12 Kasım 2009 Perşembe

küçük prens

gezegenlerden birinde yaşayan kırmızı yüzlü bir adam tanıyorum.tek bir çiçek koklamamış,tek bir kez bir yıldıza bakmamış, kimseyi sevmemiş. yaşamı boyunca tek yaptığı şey birtakım sayılar toplamak. o da bütün gün kendi kendine aynı şeyi söylüyor, senin gibi. çok önemli işlerim var benim! bunları söyerken gururla kabarıyor göğsü. ama o bir insan değil ki,mantar!

ne?

mantar!


küçük prensi şimdi öfkeden bembeyazdı. çiçeklerin milyonlarca yıldır dikenleri var. milyonlarca yıldır koyunlar dikenli çiçekleri de yiyorlar. peki, bu çiçeklerin hala dikenleri olsun diye çabalamalarının nedenini anlamaya çalışmak önemli işlerden sayılmıyor. koyunlarla çiçeklerin arasındaki bu savaş kırmızı yüzlü adamın topladığı rakamlardan daha mı önemsiz? hele benim gezegenimde, yalnız benimkinde yaşayabilen bir çiçeğimin olduğunu, bunun koyunun bir ısırışta yok edebileceğini düşün. bu çok mu önemsiz?


şimdi de yüzü al al dı.


insan bir çiçeği severse, milyonlarca ve milyonlarca yıldızda yalnız tek bir çiçek açarsa, işte o yıldızlara bakarak mutlu olur. kendi kendine şöyle der: işte orada, o yıldızlardan birinde benim çiçeğim. ama koyun çiçeği yedi miydi bütün yıldızlar kararıverir...

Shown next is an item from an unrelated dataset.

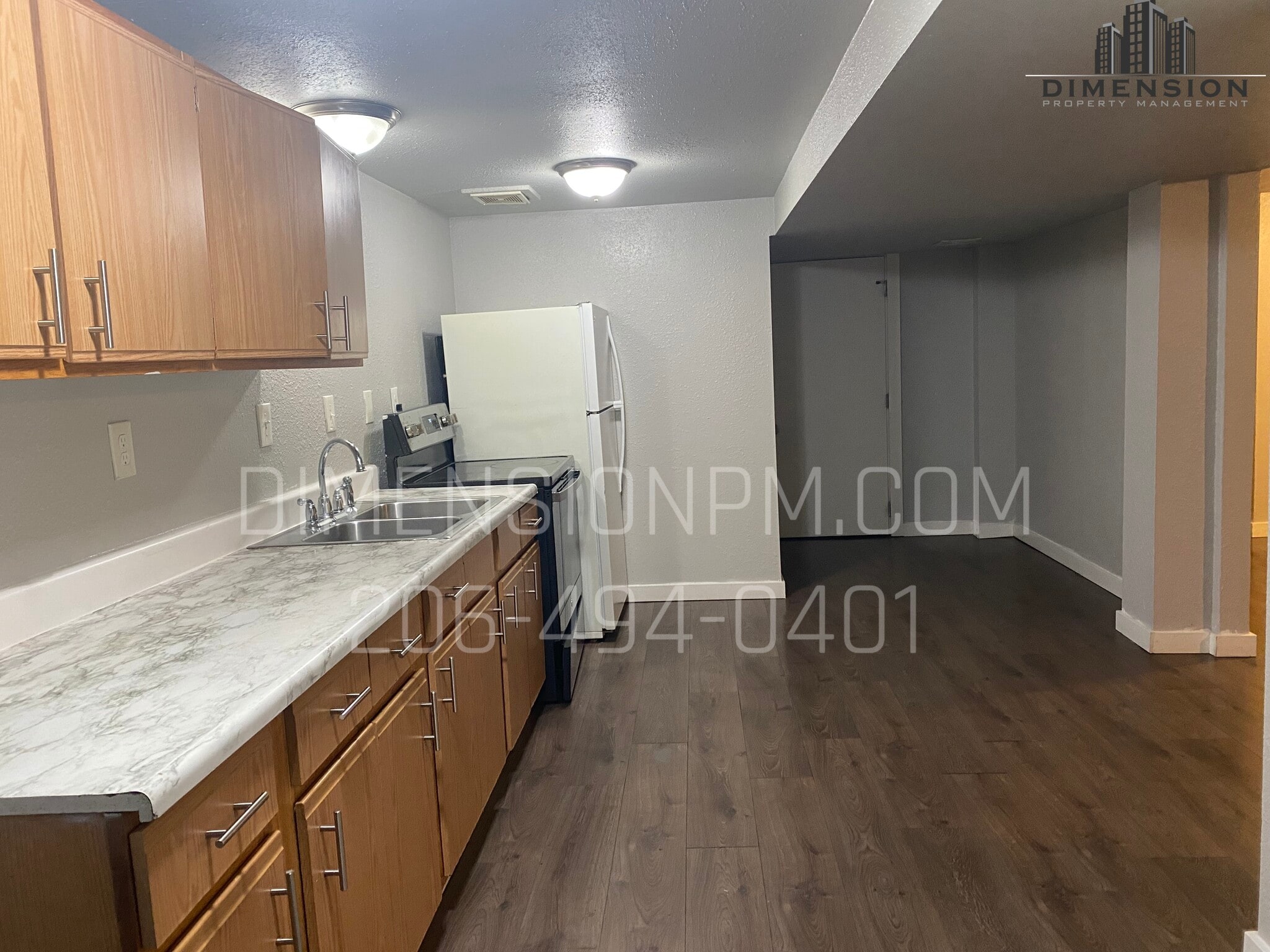 Building Photo - 825 S 176th St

bu da hiç önemli değil, öyle mi?


e.

3 yorum:

deep dedi ki...

Küçük prens büyük bir dağa tırmandı. Daha önce kendi gezegenindeki üç yanardağın dışında hiç dağ görmemişti. Bu yanardağların boyu ise sadece dizlerine geliyordu. Sönmüş yanardağı tabure olarak kullanırdı. Ona ayaklarını uzatırdı. Kendi kendine : “Bu kadar yüksek bir dağın tepesine tırmanırsam, bütün gezegeni ve gezegendeki bütün insanları görebilirim” dedi. Ama görebildiği tek şey, diğer dağların sivri dorukları oldu.

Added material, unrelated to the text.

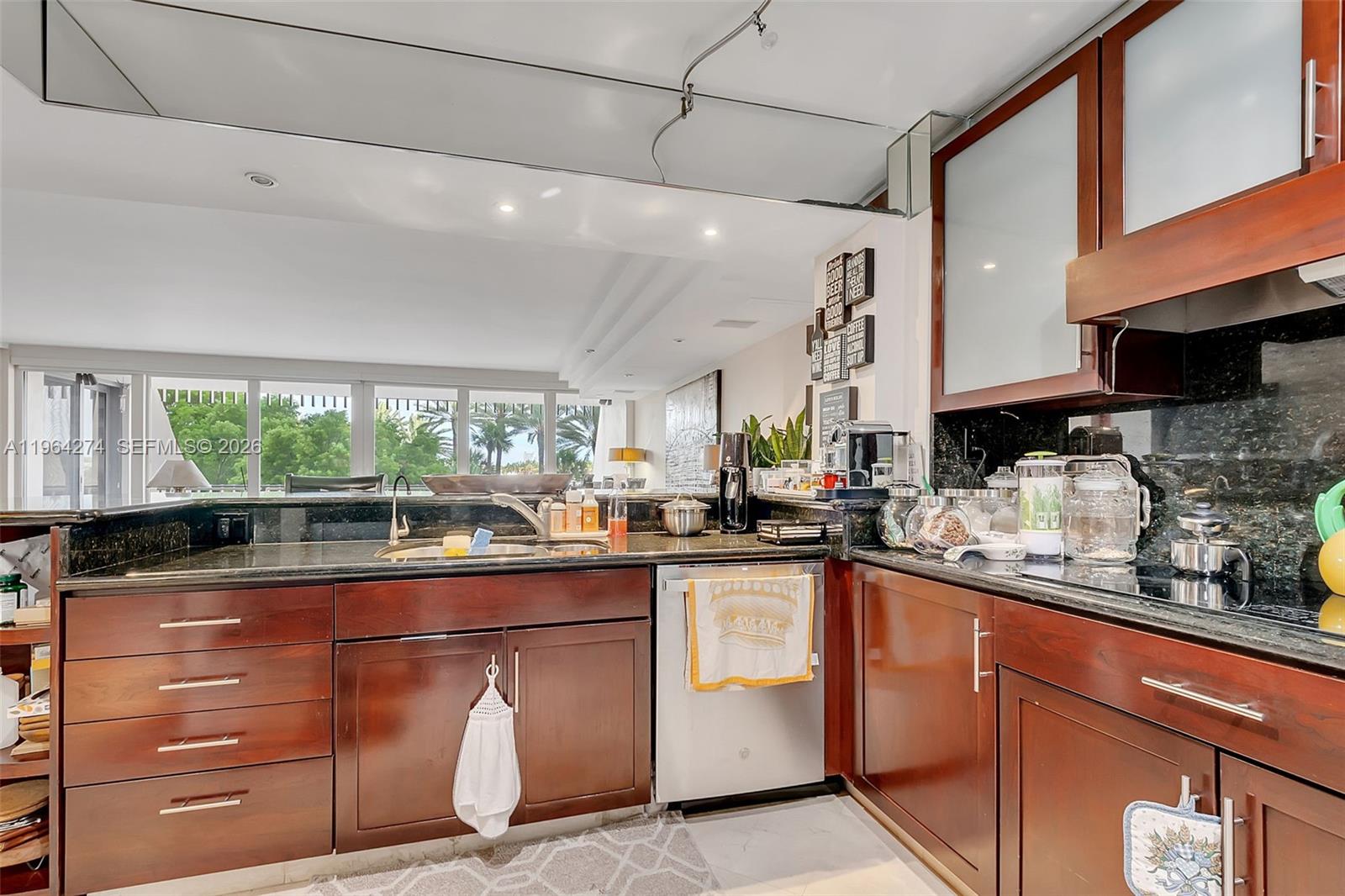 3 Grove Isle Dr # C208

BENİM İÇİN BU DÜNYADA YAYIMLANMIŞ ENGÜZEL KİTAPLARDAN BİRİDİR BÖYLESİ GÜZEL BİR PAYLAŞIMDA BULUNDUĞUNUZ İÇİN SONSUZ TEŞEKKÜR EDERİM.
SEVGİLER

gölge dedi ki...

Ben bunu her okuduğumda mutlu oluyorum, yine mutlu oldum. Sağol :)

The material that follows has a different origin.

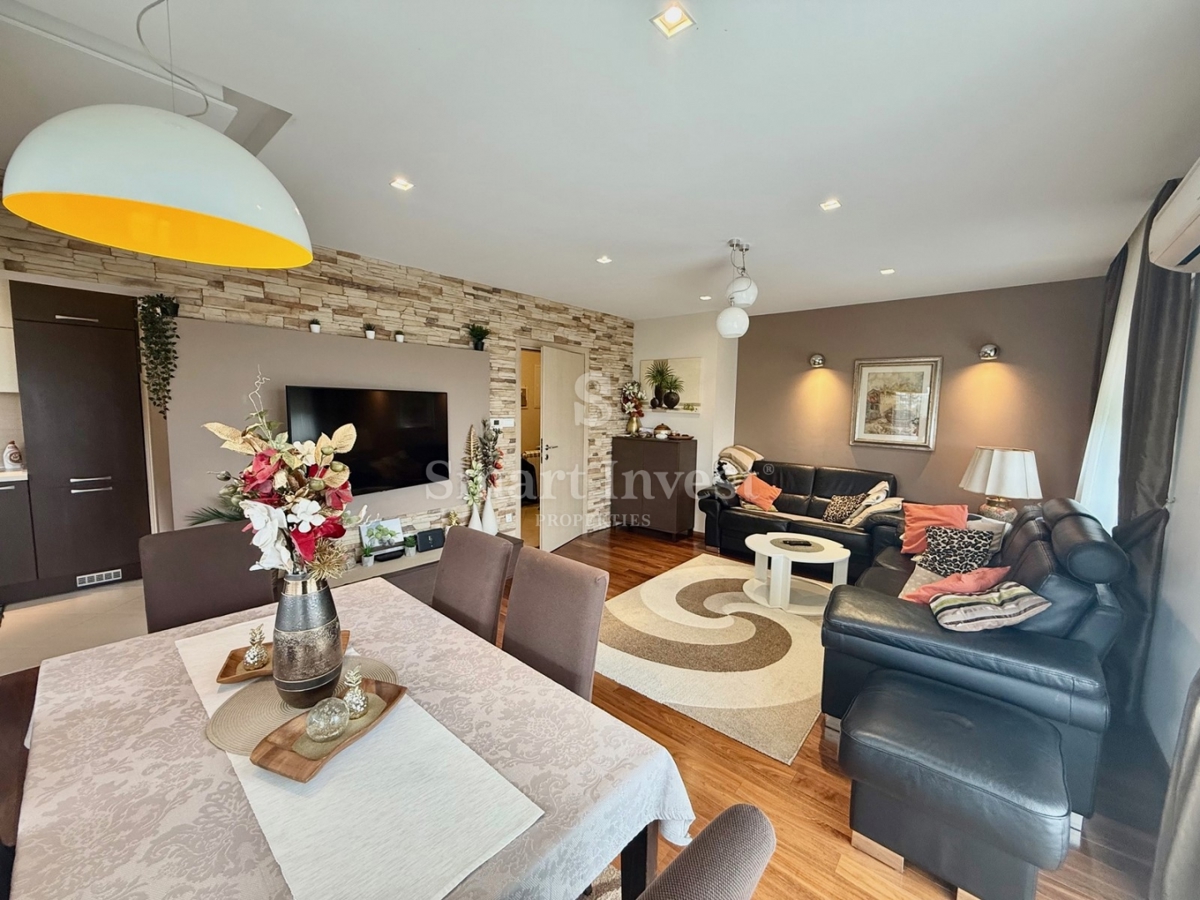 MATULJI - BREGI, splendido appartamento con 3 camere da letto e balcone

Antartika Konsolosu dedi ki...

ben de blogumda daha önce bi bölümünü paylaşmıştım küçük prensin...

“Eğer elli üç dakikam olsaydı,” dedi küçük prens, “Bir su pınarına doğru ağır ağır yürürdüm.”


insan 70ine de gelse okumamışsa okumalı bu kitabı...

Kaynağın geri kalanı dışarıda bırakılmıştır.